This is a very hard question for me to word, so bare with me as I try and make it easier. I thought better to explain more than less (probably a bad motto to live by to some people).

But for those who don't want to spend a while taking a peek into thought processes in my mind here's a-

TLDR: If I am a personified model that wants to move a vector $c = (1,4,3,4)$, to have the exact same cosine similarity of a target vector $v = (4,8,6,10)$ by only changing $c$ the minimum amount. I can use the fact that cosine similarity is also about how similar two separate vectors proportions are to each other. So the closest vector to $c$ that matches the proportions of $v$ is a vector $t = (2,4,3,5)$.

So if I am only allowed to change one dimension of $c$ at a time, I need to figure out which dimension is the best to change to get my proportionality of $c$ to match $v$ to raise my cosine similarity. You would think that it does not matter which dimension I choose to change as long as it moves me towards vector $t$ (if no matter what dimension I change, it can only be by $1$ unit). Because the cosine similarity should be the same either way, as long as $c$ is moving closer to the "golden" proportional vector $t$. But it doesn't seem to work that way. For example if $c' = (2,4,3,4)$ then it will have a cosine similarity of $0.994$, but if $c' = (1,4,3,5)$ then the cosine similarity is less, at $0.990$. So even though both versions of $c'$ I can choose, have the same difference in proportion from being the exact proportion of $v$, they are said to have different cosine similarity scalars from $v$. So even though both $c'$ options seem like valid approaches to reach the $v$ vectors proportions (they both require the same adjustment in one dimension), why does depending on cosine similarity make a model decide the first option of $c'$ would be the path better taken. Is there a concrete reason why $c' = (2,4,3,4)$ is better than $c' = (1,4,3,5)$.

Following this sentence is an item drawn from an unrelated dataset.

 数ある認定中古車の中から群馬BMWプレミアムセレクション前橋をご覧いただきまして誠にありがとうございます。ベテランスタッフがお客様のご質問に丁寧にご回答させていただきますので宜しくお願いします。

This is important to me because if I want to know what decisions my model is making under the hood (from an abstract point of view), I want to know how it would decide between these options for a vector $c'$ that is closer to $t$ (remember $t$ is the closest point to $c$ that will match the proportions of $v$). This will help me with my other want, to know how a word embedding will move from its initial randomized dimensions towards it's final word embedding position in each training instance within each epoch, due to wanting to minimize the change in these cosine similarities between vectors. And at an even more conceptual level, I want to know why people say that magnitude does not matter in cosine similarity when it seems to matter still for decisions like this.

I am sorry if this TLDR was also long, its so hard for me to be concise on this topic, in such a way that an answer you could give me, would satisfy my worries!

WHY I AM ASKING: So I have been delving deep into Word2Vec recently which has cosine similarity written all over it. And I have been looking at unique ways to represent the word-embedding vectors (in high dimensional vector space) changing over each training instance in each epoch. Since they seem to not have any inherent value to us if we just stare at them. Now I have done so much to get to the point that I am at right now. But what is important to this question, is that on the way, I sort of developed an understanding that cosine similarity can be thought of as how similar two vectors proportions are to each other. This is because the cosine of the angle between two vectors becomes larger (closer to $1$) as the two vectors proportions get closer. And the opposite is true, if two vectors proportions between each other get further away, then the cosine of their angle will get smaller (closer to $-1$). This is because the angle itself is influenced by how close (similar) the proportionalities of the vectors are to each other.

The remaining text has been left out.